TERAMO – "Varare misure urgenti, misure speciali, ed accelerare i processi già avviati proprio a partire dal 2009, in particolare ultimare il piano "Scuole sicure" che ha coinvolto 110 comuni con una dotazione complessiva di 230 milioni di euro che sono disponibili sul conto degli uffici speciali per la ricostruzione ma inutilizzati". Rompe il silenzio il Governatore emerito Gianni Chiodi, per inserirsi in una discussione, quella post emergenze, che è destinata ad arroventare il clima non solo politico di questa regione e del Teramano in particolare, alle prese con i guasti del maltempo e con l’ormai cronico dilemma delle scuole sicure o no rispetto al sisma. Sottolineando che «qualcosa non ha funzionato a livello comunicativo e operativo, a livello di organizzazione delle risorse anche umane messe in campo, e non parlo certamente dei volontari», Chiodi avverte che «i danni per la nostra regione sono stati ingenti, tanto che è in pericolo l’intero assetto economico abruzzese».""

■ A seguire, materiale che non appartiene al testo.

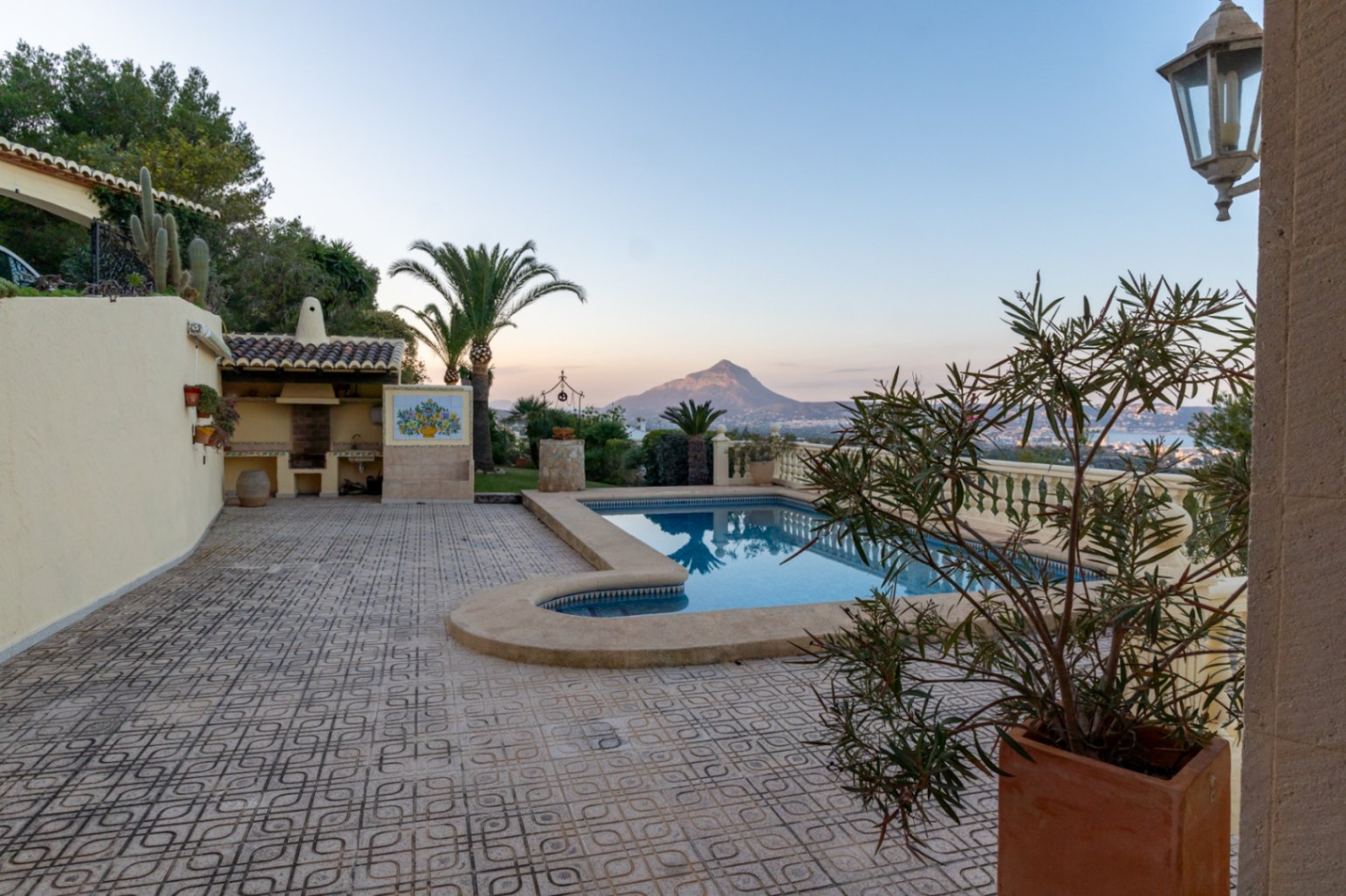 Terrace featuring a private pool, built-in outdoor kitchen, and panoramic views of the Montgó mountain and Jávea coastline at dusk.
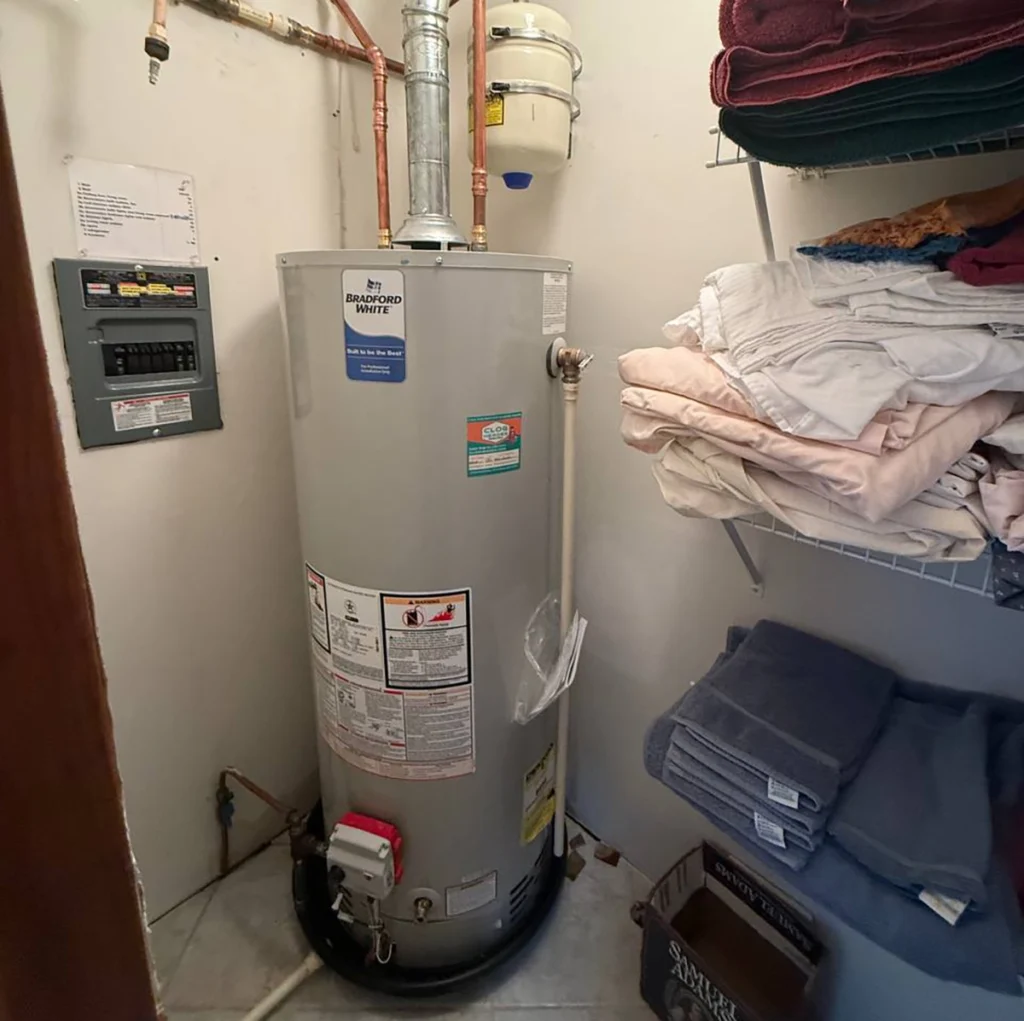How to turn off water heater system showing the gas control, cold-water shutoff valve, and expansion tank in a residential setup.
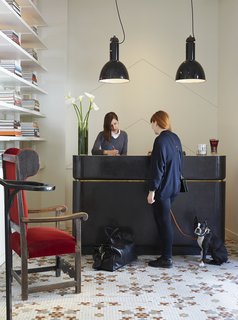 In the lobby, guests are greeted at a reception desk fabricated by NYC company FERRER and illuminated by vintage pendants sourced from Belgium. The ornate tile on the floor is original—a nod to the building's past.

Se fino ad oggi «le lungaggini burocratiche» non hanno permesso la realizzazione del piano ‘Scuole sicure’ e i soldi sono rimasti nel cassetto, il Governatore emerito ribadisce che nel frattempo servono provvedimenti speciali «per garantire le funzioni delle scuole e degli edifici pubblici dei territori più a rischio» e il suo riferimento è ai Musp, «che oltre che sicuri ed accoglienti – dice -, sono realizzabili in pochissimo tempo». «Non è più accettabile – spiega Chiodi – che si possa pensare ancora di avere nell’Alto Aterno, nel Teramano, nella Marsica o nella Valle Peligna scuole, la maggior parte delle quali ha indici di vulnerabilità compresi tra il 20 e il 50 per cento, quindi non in grado di resistere a sismi di media entità».

«Oggi il Presidente D’Alfonso – incalza Chiodi –  ci deve dire quante delle risorse fumosamente annunciate nel Masterplan saranno veramente disponili per i prossimi tre anni, in modo che possano esse reimpiegate nella messa in sicurezza di edifici pubblici e privati e in prevenzione dei rischi idrogeologici, abbandonando la strada delle promesse irrealizzabili e delle infrastrutture inutili».